Rondom werkloosheid bestaan verschillende definities die ook duidelijk andere werkloosheidspercentages kunnen geven. In deze rapportage wordt de werkloosheid gedefinieerd aan de hand van de niet-werkende werkzoekenden (NWW-ers) die zijn geregistreerd bij het CWI. Deze groep bestaat op 31 december 20061 in Helmond uit 4.532 personen in de leeftijd van 15 t/m 64 jaar.

Dit is 11,8% van de beroepsbevolking. De beroepsbevolking bestaat uit alle mensen van 15 t/m 64 jaar die minimaal 12 uur per week werken of willen werken. In 2006 zijn dit 38.354 personen.

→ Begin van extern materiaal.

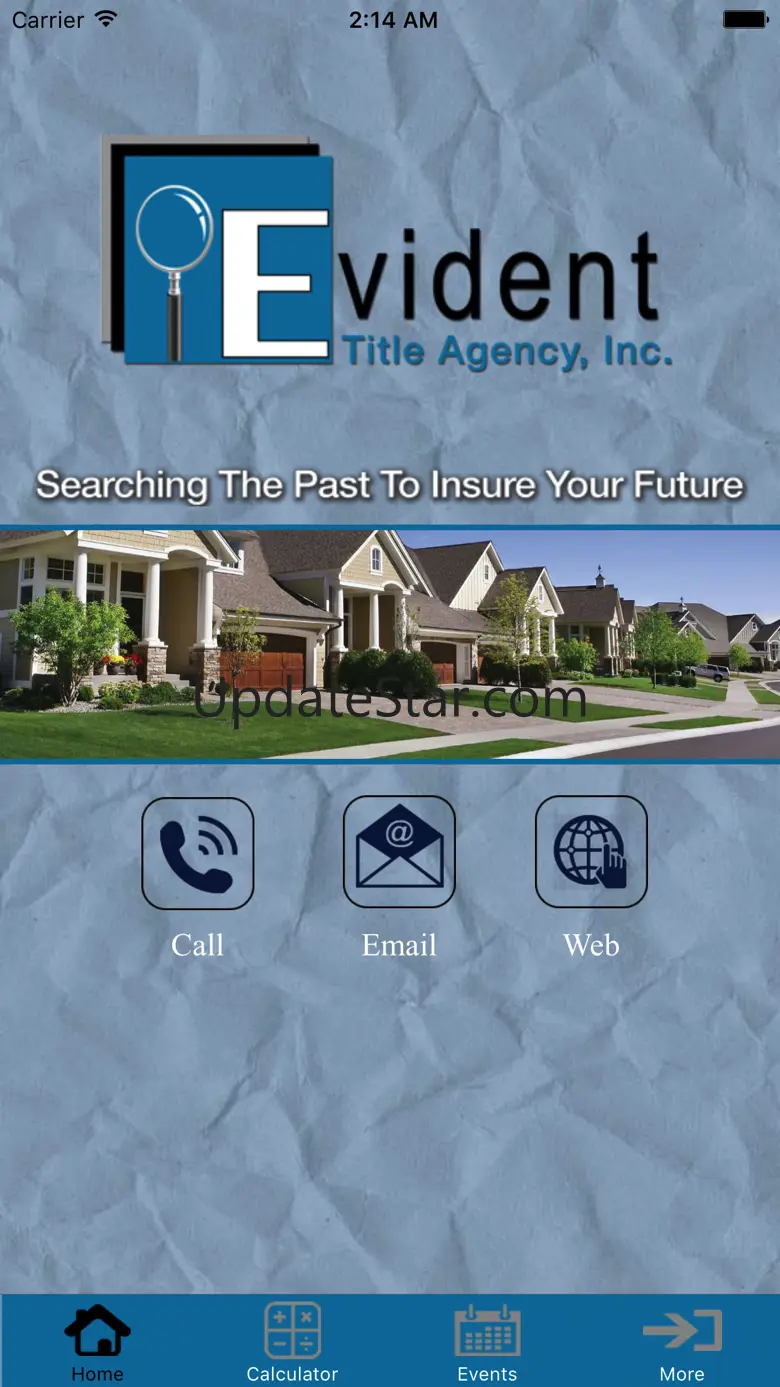 Evident Title Agency 2.0.2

Alleen in hoofdstuk 5 waar een vergelijk gemaakt wordt met andere steden in Nederland wordt ook gekeken naar het CBS-werkloosheidspercentage. Dit werkloosheidspercentage wordt verkregen door middel van een enquête onder de bevolking.

Aangezien de beroepsbevolking eigenlijk alleen voor de totale groep 15 t/m 64 jarigen beschikbaar is gebruiken we in analyses ook de potentiële beroepsbevolking. Bijvoorbeeld als we willen kijken hoe de werkloosheid over de wijken in Helmond verdeeld is. We kennen dan niet de omvang van de beroepsbevolking, maar wel van de potentiële beroepsbevolking. Dit betreffen alle mensen van 15 t/m 64 jaar. Kijken we naar de potentiële beroepsbevolking dan is 7,8% werkloos. De potentiële beroepsbevolking omvat in Helmond 58.466 personen.

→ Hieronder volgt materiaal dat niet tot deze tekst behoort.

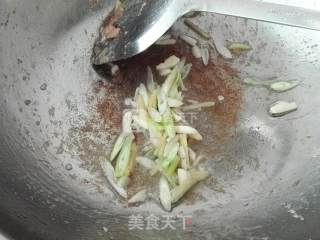 【shredded Pork with Fish Flavor】 recipe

De groep niet-werkende werkzoekenden moet niet verward worden met de groep mensen behorend tot de werkloze beroepsbevolking. Niet alle werklozen staan namelijk ingeschreven bij het CWI. Tot de werkloze beroepsbevolking horen bijvoorbeeld mensen die geen uitkering kunnen ontvangen en zich daardoor niet melden bij het CWI (voornamelijk herintreders en schoolverlaters). Daarnaast zijn het ook mensen die tijdelijk werk zoeken, zoals jongeren die een vakantiebaantje zoeken. Het CBS gaat, in tegenstelling tot het CWI, in haar werkloosheidcijfers juist uit van de werkloze beroepsbevolking. In paragraaf 1.4 gaan we verder op dit verschil in.

1.2 Doelstelling

De rapportage is geschreven om B & W, de gemeenteraad en de afdelingen Economische Zaken en Werk & Inkomen van informatie over de (ontwikkeling van de) werkloosheid in Helmond te voorzien.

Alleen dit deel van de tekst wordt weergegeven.